Who owns AIMTemplateCache (one of):
  • AIMServiceTemplate   (template-created, Shared)
  • AIMService           (service-created, Dedicated)
  • (none)               (service-created with Shared)

Resource hierarchy:
  AIMTemplateCache (Shared or Dedicated mode)
      └── AIMArtifact(s)  [created by template, owned by TemplateCache only if Dedicated]
              └── PVC(s) + Download Job(s) (owned by model cache)

Creation Flow#

An AIMTemplateCache is created by an AIMServiceTemplate (when the template has caching enabled and is ready), by an AIMService (when the service has caching enabled and no suitable cache exists), or manually. Ownership depends on the creator and mode: template-owned (template-created), service-owned (service-created with Dedicated), unowned (service-created with Shared), or no owner (manually created).

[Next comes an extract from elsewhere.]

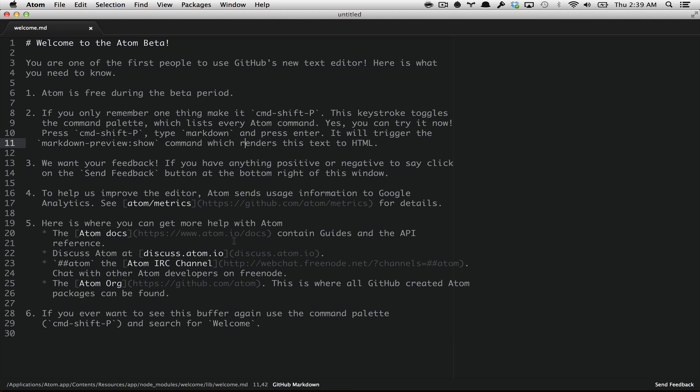Okay, this is the welcome screen. It's just a markdown file with some instructions that you can get going. Now let's explore this way.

For each needed model (matching sourceURI and storage class), the AIMTemplateCache uses an existing artifact when possible, otherwise creates one. A shared template cache reuses any matching shared artifact in the namespace; a dedicated template cache uses its own dedicated artifact. New artifacts are created shared or dedicated according to the template cache’s mode. The AIMArtifact handles the download.

Cache Status Values#

AIMTemplateCache and AIMArtifact use the same status values. The template cache’s status is typically derived from its artifacts.

Status	Description
`Pending`	Created, waiting for processing
`Progressing`	Download or provisioning in progress
`Ready`	Ready and can be used
`Degraded`	Partially available or limited (e.g. some artifacts failed)
`NotAvailable`	Dependencies not available. AIMTemplateCache may report this when its template is not available (e.g. GPU not ready); AIMArtifact never sets this.
`Failed`	Creation failed (download error, storage issue, etc.)

A Failed AIMArtifact retries the download periodically, so its status may change over time.

Deletion Behavior#

Deletion follows Kubernetes ownership: owned resources are garbage-collected when the owner is deleted. AIM finalizers additionally delete non-Ready caches so that Failed/Pending caches do not block recreation. Manually created AIMTemplateCaches and AIMArtifact (no owner) are never garbage-collected.

When AIMService is deleted#

Template caches owned by the service (Dedicated, service-created): Garbage-collected with the service.
Service finalizer: Deletes any template caches created by this service (by label) that are not Ready, so stuck Pending/Progressing/Failed caches do not block a future service from creating a new cache.
Template caches not owned by the service (template-owned or unowned Shared): Unchanged; they persist and can be reused by other services.

When AIMServiceTemplate is deleted#

Template caches owned by the template: When a template creates a cache, the cache is automatically deleted when the template is deleted via Kubernetes garbage collection. Template-created caches use Shared mode by default, so the cached artifacts themselves persist even after the cache is removed.

When AIMTemplateCache is deleted#

Template cache finalizer: Ensure that artifacts created by this template cache (by label) that are not Ready are deleted. Ready model caches are left in place so they can be reused by other template caches.
The template cache is then removed.

If a service with caching enabled was using this template cache, a new template cache will be created automatically, provided the template itself is still healthy and ready.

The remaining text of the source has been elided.